Oddly enough, as we watch the pageant of 21st-century propaganda play itself out before us, I’m ambivalent about its power to break and enslave us. It’s so nakedly visible what’s going on. We’re being afforded so much opportunity to recognize and reject it: to face it down and force it to collapse and flee into the woods, as predatory communism ultimately did in the Warsaw Pact and Soviet Union from 1989 to 1992.
Trending: Biden again gives his ‘word as a Biden’
Let me propound briefly a framework for what’s going on here. A hundred years ago, an assault on the world’s peoples was beginning with a group of “worldview”-holding ideologues seizing a “world-historical” moment – a dialectical inflection point – to consolidate a convenient but temporary “national” basis for achieving global transformation.

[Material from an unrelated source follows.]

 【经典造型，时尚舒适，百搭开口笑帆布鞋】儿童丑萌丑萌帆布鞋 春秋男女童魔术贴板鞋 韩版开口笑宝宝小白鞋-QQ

You will correctly guess that I refer to the Soviet revolution of 1917 and its aftermath.
Lenin was still in power in 1921, but within a few years of Stalin’s ascent the Soviet Socialists had accepted that their vision of the state withering away would have to be rejiggered into the future. The sword’s range went only so far, and the pen worked very slowly. The state remained an almighty convenience.
Nevertheless, the operative words in their self-appointed eschaton were worldview, world-historical, and global. The worldview in question was of Karl Marx’s class-divided humanity struggling in the clenched jaws of “capitalism.” The world-historical moment was an earthquake in the dialectical process between antithetical entities (capital and labor), with the bourgeois arrangement of nation-states being the dialectical tension spring by which capital held onto power and held labor back. World War I was the obvious candidate for such a “moment.”
For class division to be ameliorated, the tension spring had to be overstressed and sprung. “Capital” could not be left free to arrange power for itself. The sovereignty of nations had to lose meaning for labor to come into its rightful utopian condition.
“International,” in this context, was a pragmatic, not an aspirational, term; e.g., for setting up a Socialist International, which seeded nations with socialist cadre, linked first to each other by their socialist vocation, but acting through the infrastructure of nationhood. Remaining in a condition where the adjective “international” had meaning was not the goal.
Since the end of the Cold War, we have largely forgotten that. Supranational globalism, eliminating nationhood and the defensive prerogatives of sovereignty, was always the goal of Marx’s executive disciples.
That approach was an ineffective one, however. Gaining power by the sword was quick, but only feasible in weak, dysfunctional, mostly pre-devastated nations (and proto-nations, like the horde of liberated colonies after 1945). Socialism, a highly efficient mechanism of destruction, would never make its enslaved nations stronger and more desirable and sustainable than freedom.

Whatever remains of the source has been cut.